IŞİD çetelerinin 2015 yılında Newroz gecesi Hasekê'nin Miftî köyüne bir saldırı düzenlediğini hatırlatan Jînda Ehmê, bu kez Türk devletinin katliamlarla Kürtlerin varlığını hedef aldığını ifade etti. Jînda Ehmê, konuşmasını şöyle sürdürdü: "İşgalci Türk devleti, 20 Aralık 2018'de Efrîn Kantonu’na saldırdı ve 18 Mart'ta Efrîn'i işgal etti. Efrîn'in işgali ile binlerce insan göç etmek zorunda kalmış, yüzlerce insan yaralanmış ve şehit olmuştur. Son olarak ise Kobanê'nin Berxbotan köyünde işgalci Türk devleti kutlama yapmak isteyen sivil bir aileye saldırdı. 7'si çocuk 9 kişi katledildi.”
‘Newroz ateşi hep yandı’
Kürtlere yönelik katliamlara rağmen her yıl Newroz ateşinin yandığına vurgu yapan Jînda Ehmê, 2025 Newrozu’nun ise Kürt Halk Önderi Abdullah Öcalan’ın tarihi çağrısı ile daha fazla anlam kazandığını ifade etti.
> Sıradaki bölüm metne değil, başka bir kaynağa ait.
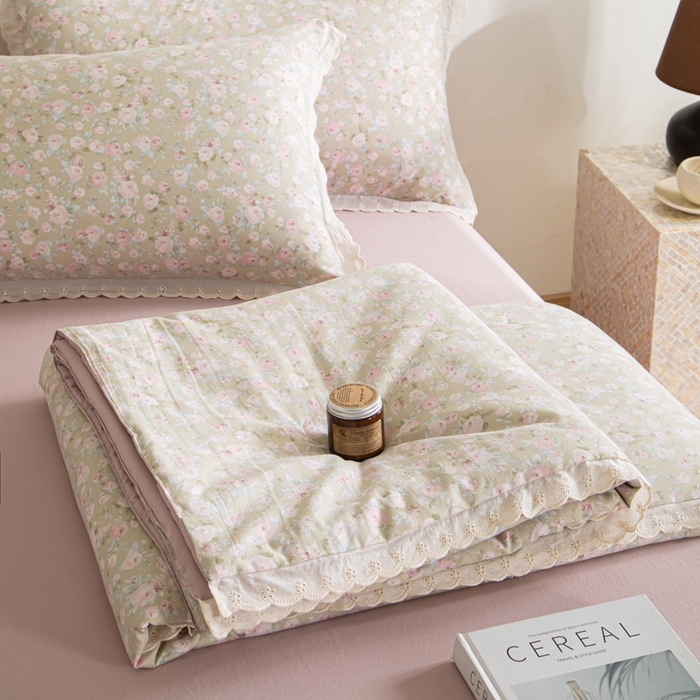 91家纺网 家纺一手货源 找家纺 玛德琳 2025新款双层纱大豆夏凉被空调被夏被四件套 马丁的画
Jînda Ehmê, 2025 Newrozu’nun Ortadoğu krizinin çözümü olan Kürt Halk Önderi Abdullah Öcalan'ın fiziki özgürlüğünün Newrozu olacağını belirterek, konuşmasını şöyle tamamladı: "Newroz, Kürt halkı için tarihi bir gündür, nerede olursa olsun, Kürtler bugünü coşkuyla kutluyorlar. Önder Apo 2025 Newrozu’nu ezilen halklar için tarihi bir gün haline getirdi. Bugün Kuzey ve Doğu Suriye'deki tüm bölgeler Newroz ateşi etrafında birleşmiş durumda. Yeni Suriye’de herkesin kendi kültürü ile kendi bayramlarını özgür bir şekilde kutlayabilmelerini istiyoruz.”